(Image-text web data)

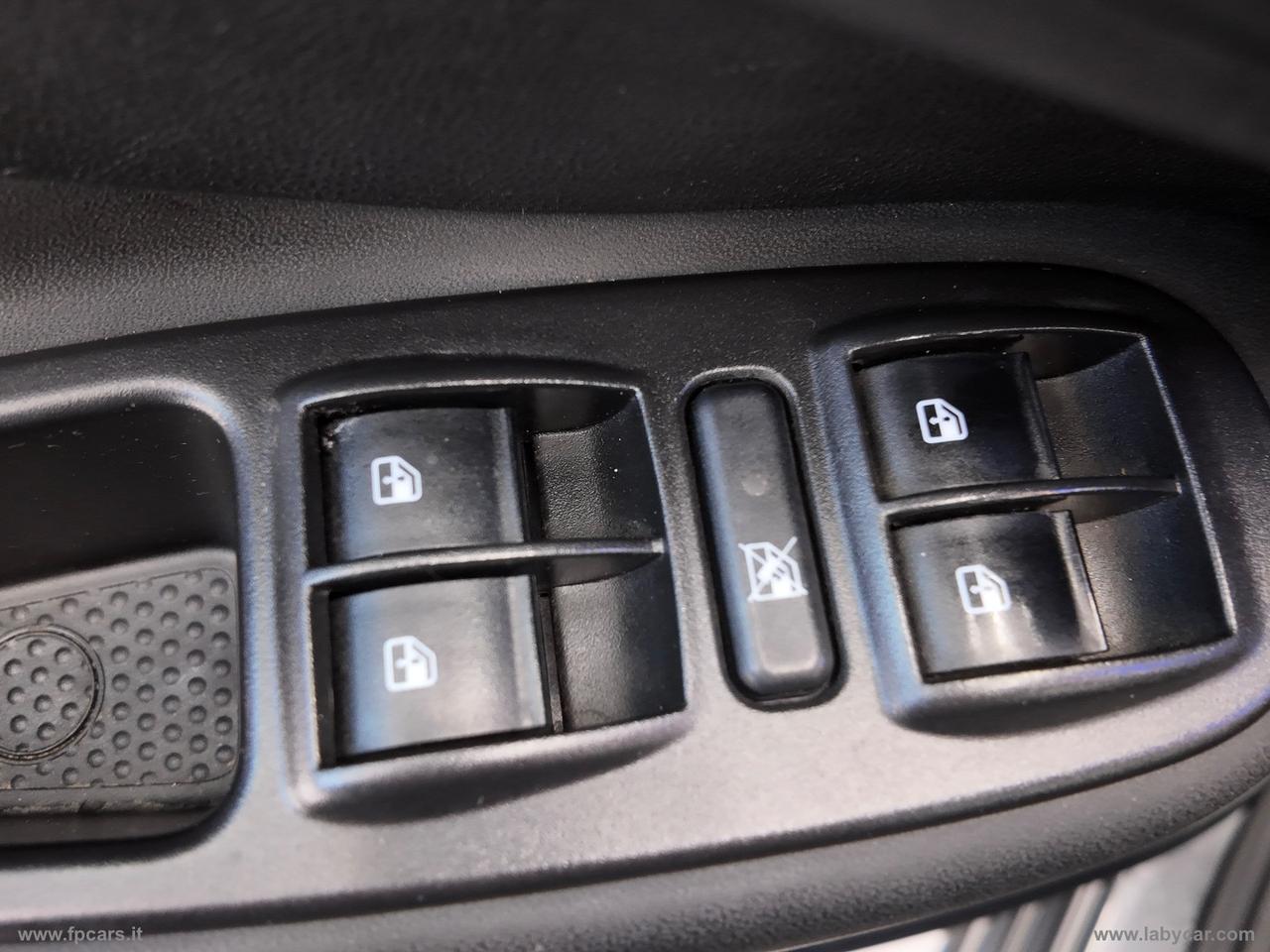 FIAT 500L 1.6 MJT 120 CV Cross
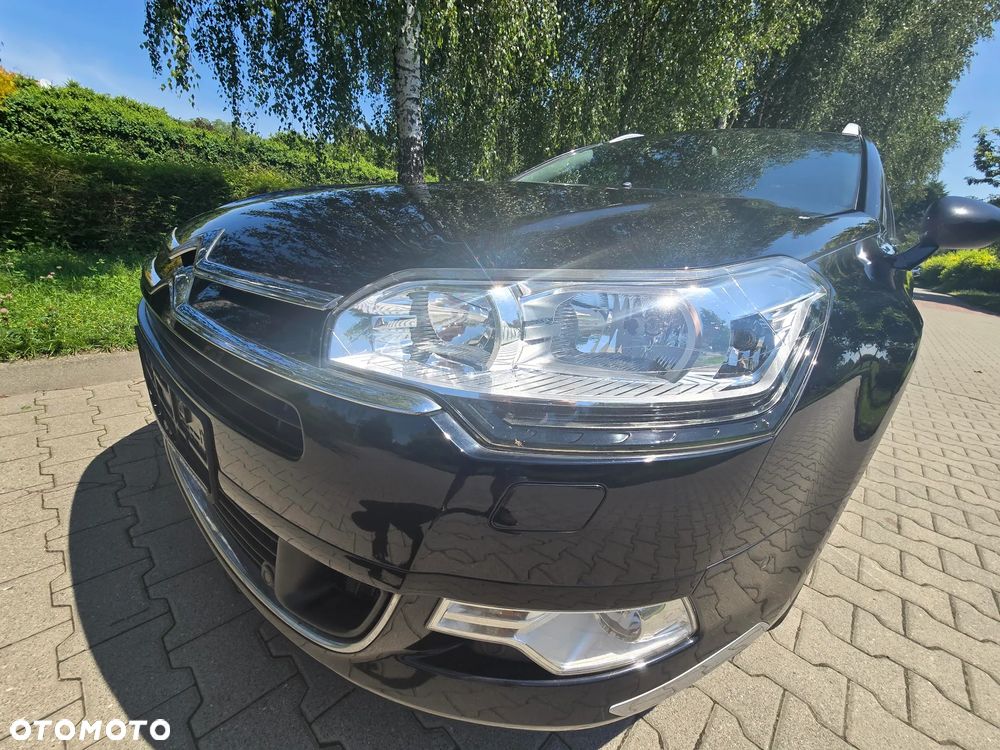 Citroën C5 BlueHDi 150 S&S Business Class - 9
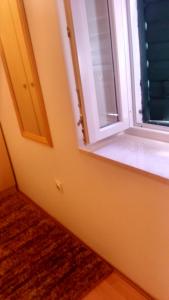 Ванная комната в Gala Apartments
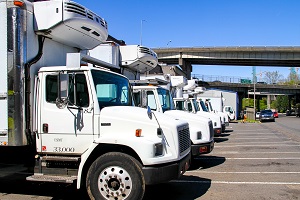 truck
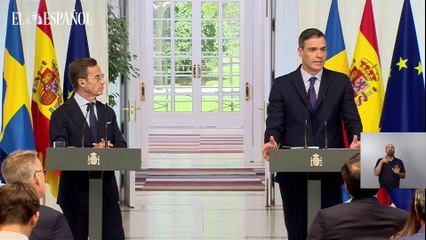 Pedro Sánchez replica que  "Debatir nunca es una excentricidad, es una obligación "
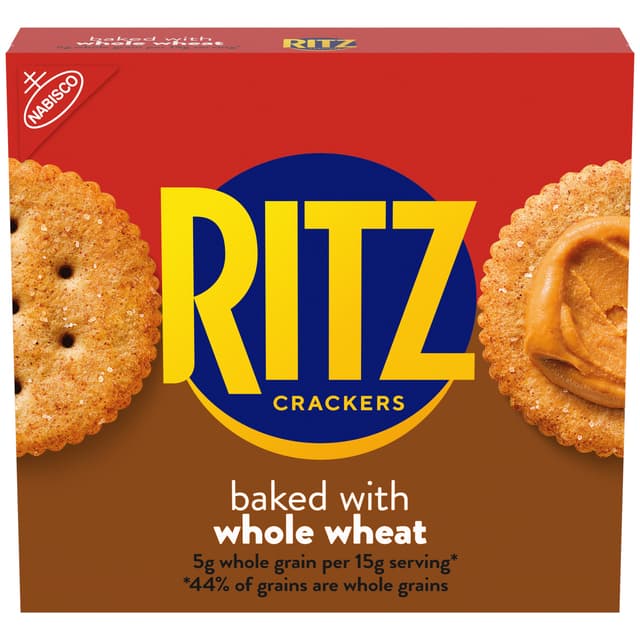 WHOLE WHEAT CRACKERS, WHOLE WHEAT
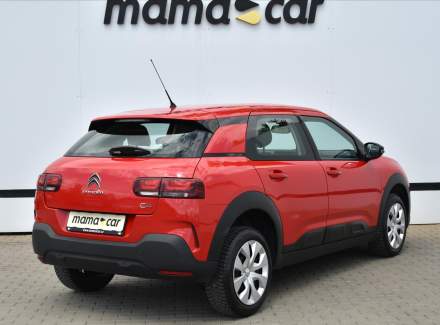 Citroën - C4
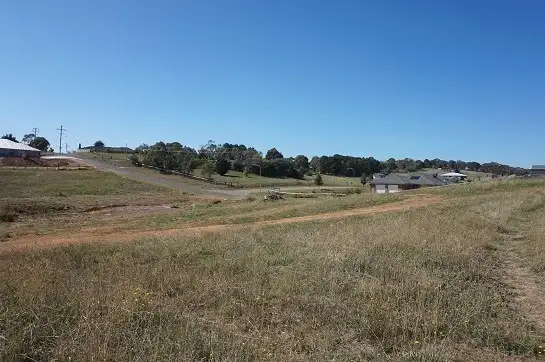 Lot 501 'Snowgums' Clyde Street, Goulburn NSW 2580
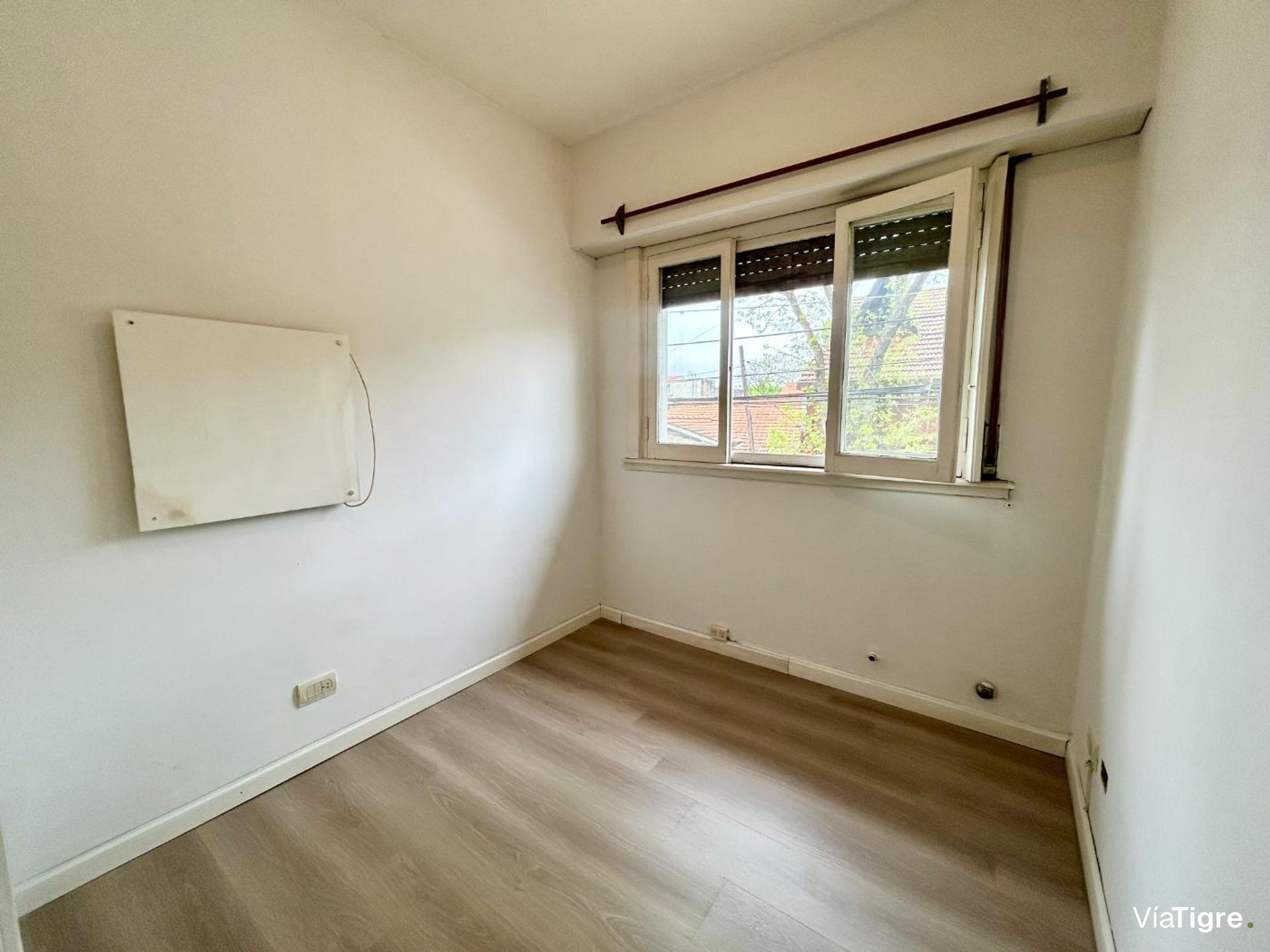 Venta Ph 3 Amb Con 2 Patios Y Terraza Olivos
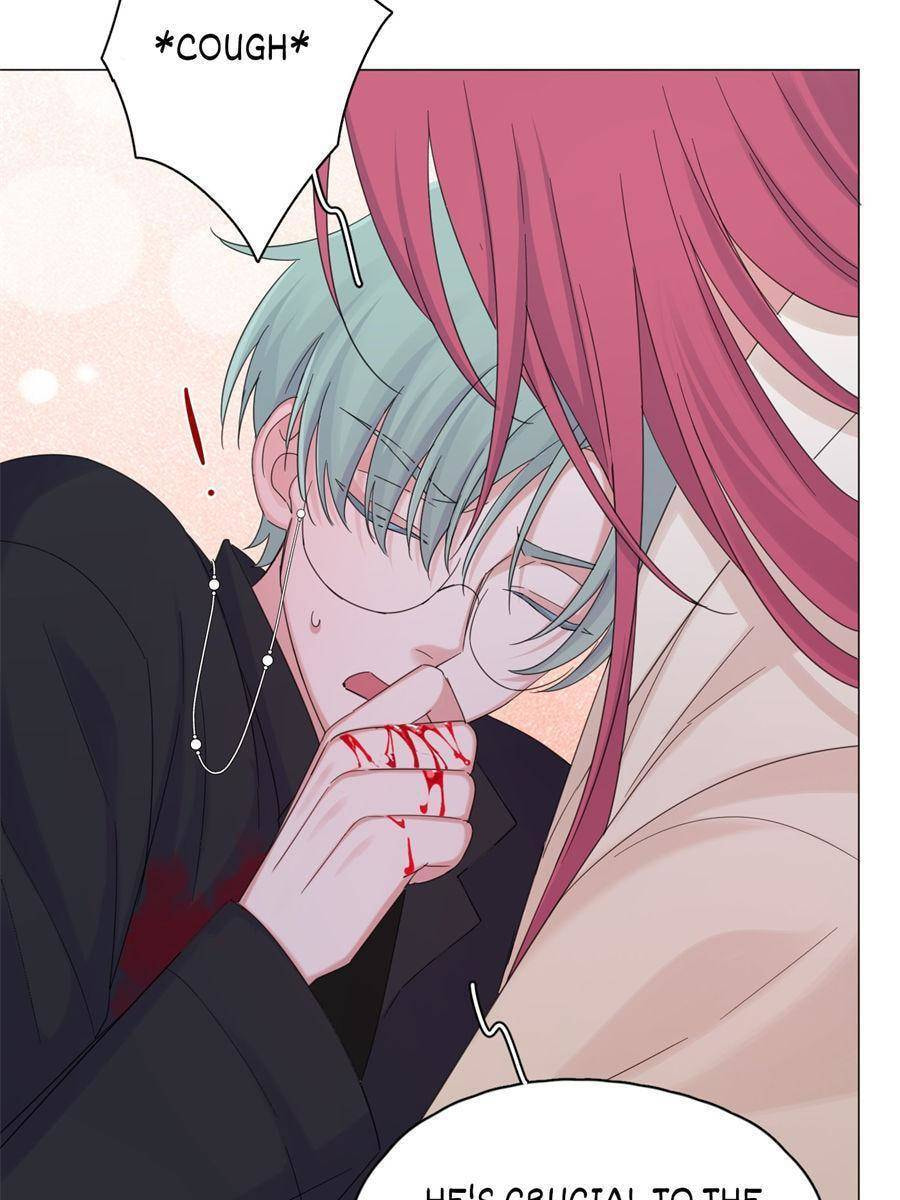 Chained to You Chapter 46 page 28 - 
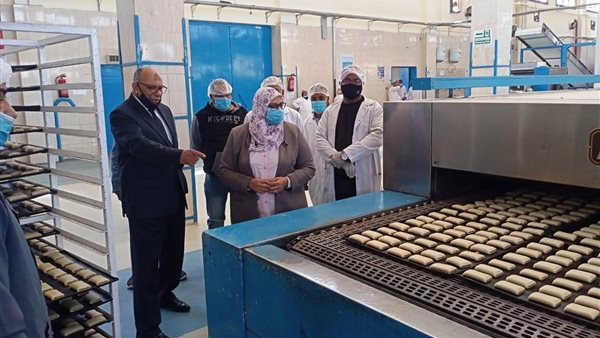 التغذية المدرسية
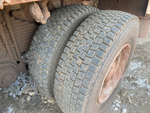 Shacman (Shaanxi) SX* 8x4 Самосвал SX33186V366 (Дизельный, 11,6 л, 423 л.с., МТ)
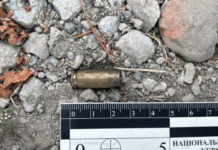 За стрілянину у Дніпрі поліція затримала 50-річного правопорушника: деталі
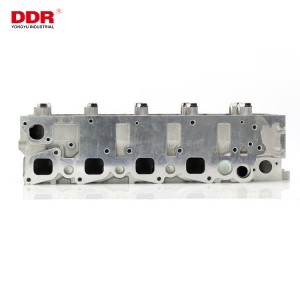 4JJ1 Aluminum cylinder head 8973559708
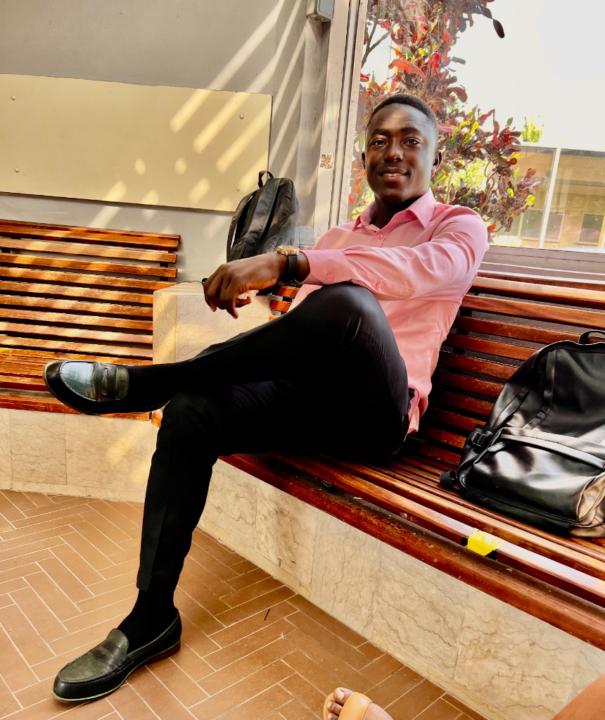 Adam Sylla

→ About this exercise
Within the entries above, the lines from the one with "Ванная комната в Gala Apartments" through the final line are to be printed exactly, with the pictures removed.

→ Answer area
 Ванная комната в Gala Apartments
 truck
 Pedro Sánchez replica que  "Debatir nunca es una excentricidad, es una obligación "
 WHOLE WHEAT CRACKERS, WHOLE WHEAT
 Citroën - C4
 Lot 501 'Snowgums' Clyde Street, Goulburn NSW 2580
 Venta Ph 3 Amb Con 2 Patios Y Terraza Olivos
 Chained to You Chapter 46 page 28 - 
 التغذية المدرسية
 Shacman (Shaanxi) SX* 8x4 Самосвал SX33186V366 (Дизельный, 11,6 л, 423 л.с., МТ)
 За стрілянину у Дніпрі поліція затримала 50-річного правопорушника: деталі
 4JJ1 Aluminum cylinder head 8973559708
 Adam Sylla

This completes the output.